Les étrangers vivant aujourd’hui en France sont donc 4 millions et non 8 millions comme certains l’affirment. Ils envoient leurs enfants à l’école, ce qui représentait en 1995 8,4 % de la population des élèves des écoles primaires, chiffre en constante diminution depuis 1985. Du fait de la concentration géographique des étrangers, la proportion de leurs enfants dans les écoles est inégale : 23,2 % dans l’académie de Paris, 19,6 % dans l’académie de Versailles, 13,7 % pour la ville de Lyon, 9,4 % pour la ville de Marseille.

Selon une étude du CNRS (Catherine de Wenden directeur de recherche) on constate une meilleure réussite scolaire parmi les enfants d’immigrés que parmi les français de même catégorie socioprofessionnelle. Quant au chômage,les étrangers sont plus durement touchés que les Français, et non le contraire.

En 1992 (enquête INSEE), le taux de chômage des Français était de 9,5 %, celui des étrangers de 18,6 %. Entre 1980 et 1992 le taux de chômage est passé de 6 à 9 % chez les Portugais et de 13 à 30 % chez les Maghrébins.

L’augmentation importante du chômage chez les étrangers s’explique essentiellement par leur manque de qualification, mais un Français au chômage ne souhaite pas forcément occuper un emploi détenu par un étranger, car tous deux n’ont pas forcément les mêmes qualifications ni les mêmes métiers.

Par ailleurs les immigrés sont aussi créateurs d’emplois et d’entreprises (dans le commerce et les services en particulier) et génèrent des emplois dans l’éducation ou les services sociaux.

Les étrangers qui vivent en France coûtent-ils cher à la communauté nationale ?Il faut tout d’abord remarquer que les étrangers salariés cotisent comme tout le monde pour pouvoir bénéficier des prestations du système de protection sociale.Ils cotisent même plus qu’ils ne perçoivent pour le régime maladie, car ils consultent moins souvent le médecin que les Français et vont moins souvent chez le dentiste. Affirmer que les étrangers coûtent cher à la sécurité sociale est donc inexact (d’autant qu’aucun chiffre n’a jamais été publié à ce sujet, la loi l’interdisant).Ils seront d’autre part peu nombreux à bénéficier d’une retraite, car ils n’auront que rarement cotisé pendant 152 trimestres (soit près de 40 ans) sur le sol français.

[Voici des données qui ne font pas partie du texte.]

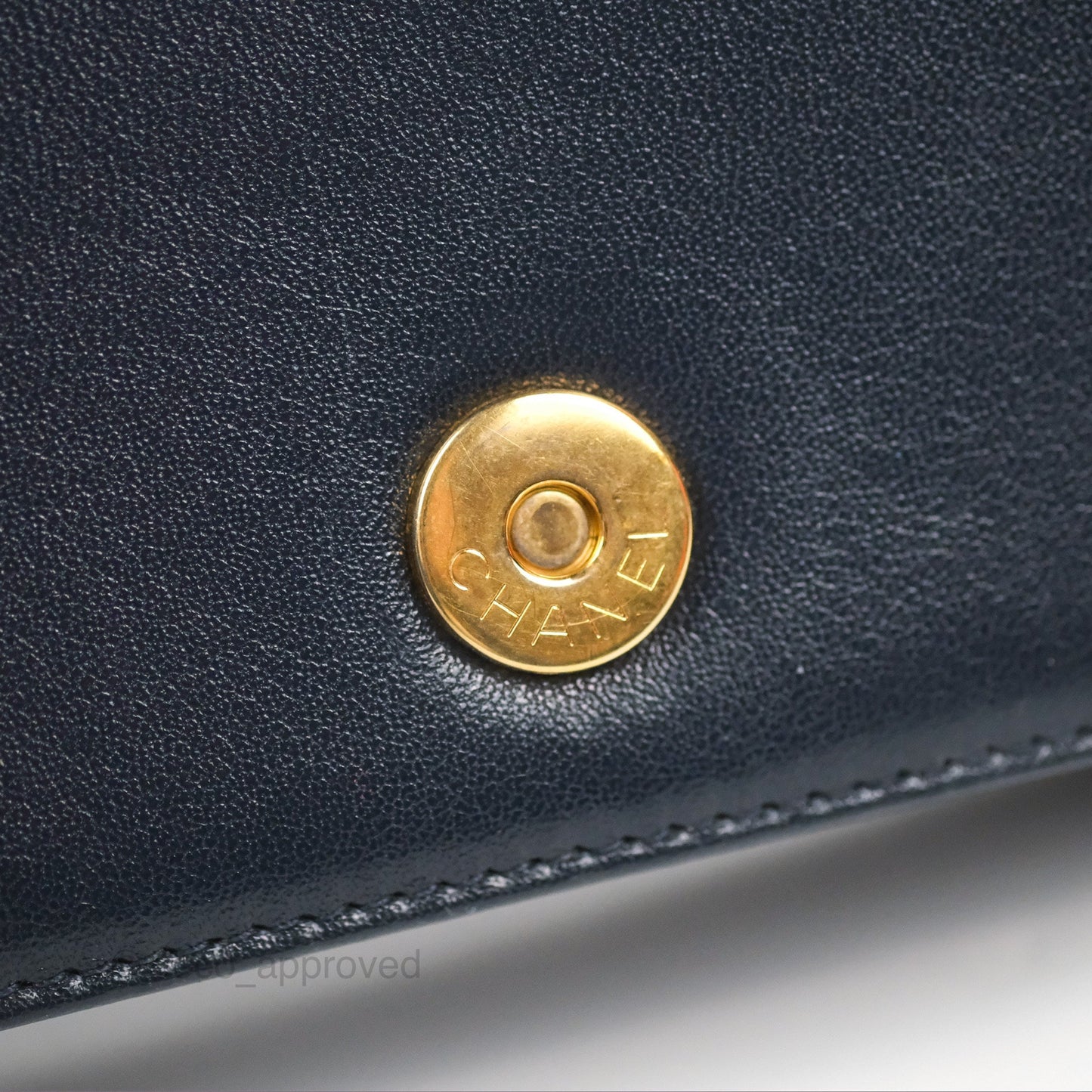 Chanel Mini Collar and Tie Flap Bag Chevron Navy Sheepskin Aged Gold Hardware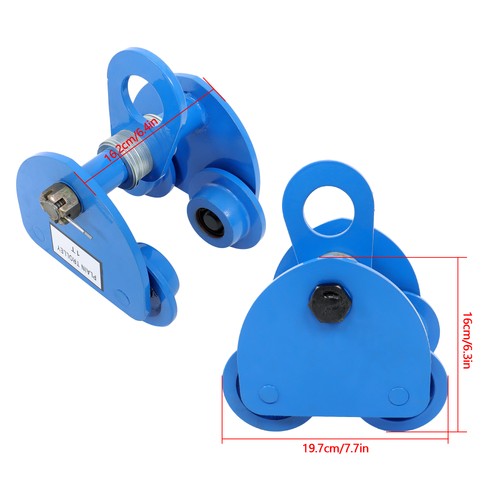 Solid Spare Manually Trolley Alloy Steel 2200lb Double Wheel I-Beam Flange Width 65-150mm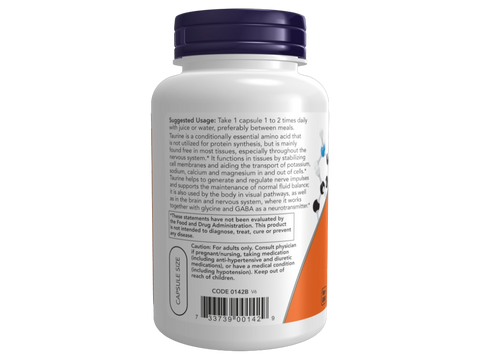 NOW Supplements Taurine 1000 mg Double Strength Vegan Capsules 100 Veg Capsules suggested usage directions and product barcode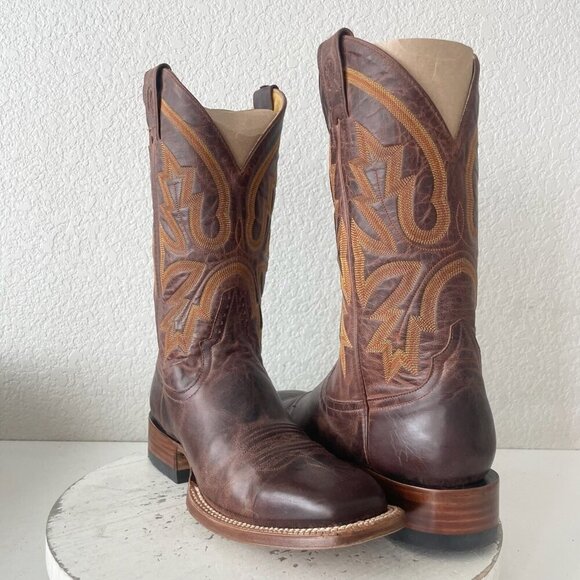 Rod Patrick Mens Cowboy Boots 8.5B Perro Loco Brown Leather Western Square Toe - Picture 1 of 14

Finalement les étrangers résidant en France financent largement leur protection sociale, même s’ils perçoivent plus d’allocations familiales, car ils ont en moyenne moins de ressources et plus d’enfants. Remarquons à ce sujet que la fécondité des femmes immigrées a diminué de moitié depuis vingt ans, (indice de fécondité 2,8 enfant par femme étrangère en 1990) et qu’il continue de baisser.

Certains pensent que l’argent gagné par les étrangers sur le sol français n’est pas dépensé en France. Ceci est faux car une enquête de l’INSEE (1991) a montré que les dépenses des ménages étrangers sont comparables à celles des ménages français (un peu plus élevées pour l’alimentation, un peu moins pour l’habillement, identiques pour les transports et les loisirs). Enfin le problème de la délinquance est à examiner avec attention car les chiffres sont trompeurs : dans nos prisons,un détenu sur trois est étranger.

En réalité il faut savoir que les étrangers sont plus souvent placés en détention provisoire que les Français, et que beaucoup d’étrangers emprisonnés (18,3 % selon l’INSEE) le sont pour des infractions au séjour. Il s’agit « d’une délinquance liée aux papiers ». On compte également de nombreux récidivistes coupables de petits délits, vols à la tire notamment. Catherine de Wenden (CNRS) remarque que pour ces mêmes délits les Français ne sont pas incarcérés. Ils échappent à la prison parce qu’ils ont des « garanties de représentation » : famille, domicile, emploi.

Remarquons enfin que la délinquance étrangère s’explique beaucoup plus par la situation sociale, souvent défavorisée, des intéressés, que par leur nationalité.On le voit, le débat sur les étrangers en France est encombré de beaucoup de préjugés ou d’idées fausses.

Des chiffres incontestables (INSEE ou INED), des études réalisées par des chercheurs (CNRS), rétablissent la vérité.

INED : Institut national d’études démographiques.
INSEE : Institut national de la statistique et des études économiques.
CNRS : Centre national de recherche scientifique.